Dépouillée, ascétique, à l’exception de ce casque cuivré qu’elle arbore comme s’il n’était qu’un dernier lien avec ce monde qu’elle abhorre, Patricia Petibon trouve en Blanche son plus beau rôle. On retrouve comme toujours ce tempérament habité, cette exaltation qui ont fait sa renommée ; mais ici plus qu’ailleurs, elle s’abandonne à la musique de Poulenc, lui sacrifie tout jusqu’à la raideur de ces sons fixes sans trace de vibrato et à ce timbre parfois émacié, qui montre qu’elle est capable de renoncer à certains canons esthétiques, dans le seul but d’exprimer un état, en l’occurrence celui de cette jeune femme brisée qui ne trouve la paix nulle part en ce monde.
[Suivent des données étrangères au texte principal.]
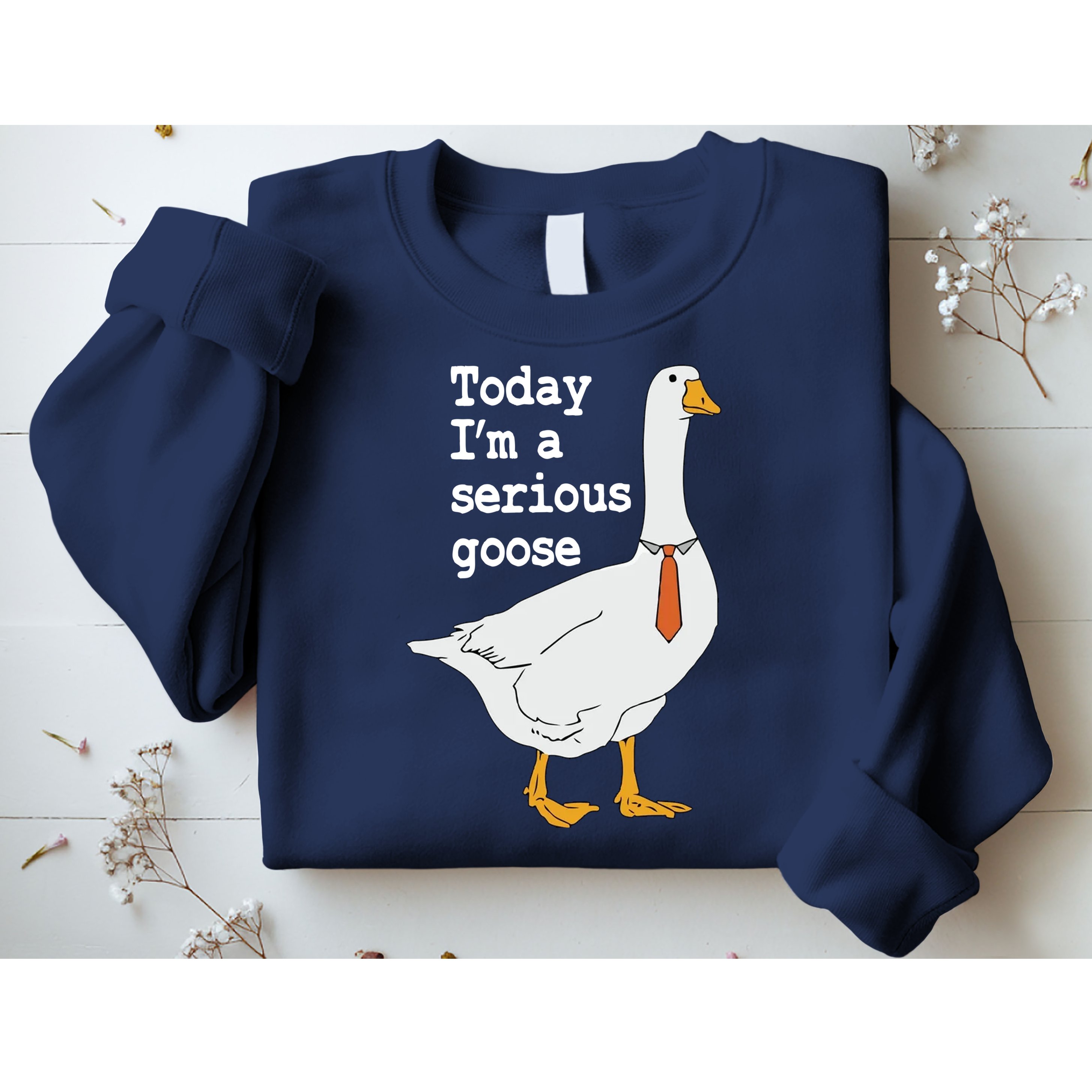 Today Im A Serious Goose Silly Humor Sweatshirt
Quel plaisir de retrouver sous l’œil affûté et que l’on sent plein de commisération du réalisateur Christian Leblé, Véronique Gens frémissante Mme Lidoine dont chaque propos petit ou grand, coule de source, savoureux mélange de dignité et de proximité, Sophie Koch, Mère Marie d’abord hautaine puis profondément touchante, Sandrine Piau admirable Sœur Constance, quasi illuminée, sans oublier Nicolas Cavallier que l’on aimerait entendre d’avantage tant il est parfait dans le rôle du Marquis et Stanislas de Barbeyrac, Chevalier plein d’ardeur. Pour avoir été vue et revue à la scène comme à l’écran, cette mise en scène restera dans les mémoires pour ses qualités scéniques et scénographies. A l’habituelle tournette, Pierre-André Weitz privilégie ici des décors coulissants – magnifiquement mis en lumière par Bertrand Killy – qui, par leurs rapides changements, apportent à l’action son indispensable fluidité. Comme au TCE, tout est en place, parfaitement huilé et précis, ce qui démontre le niveau de professionnalisme des équipes techniques du Théâtre de la Monnaie.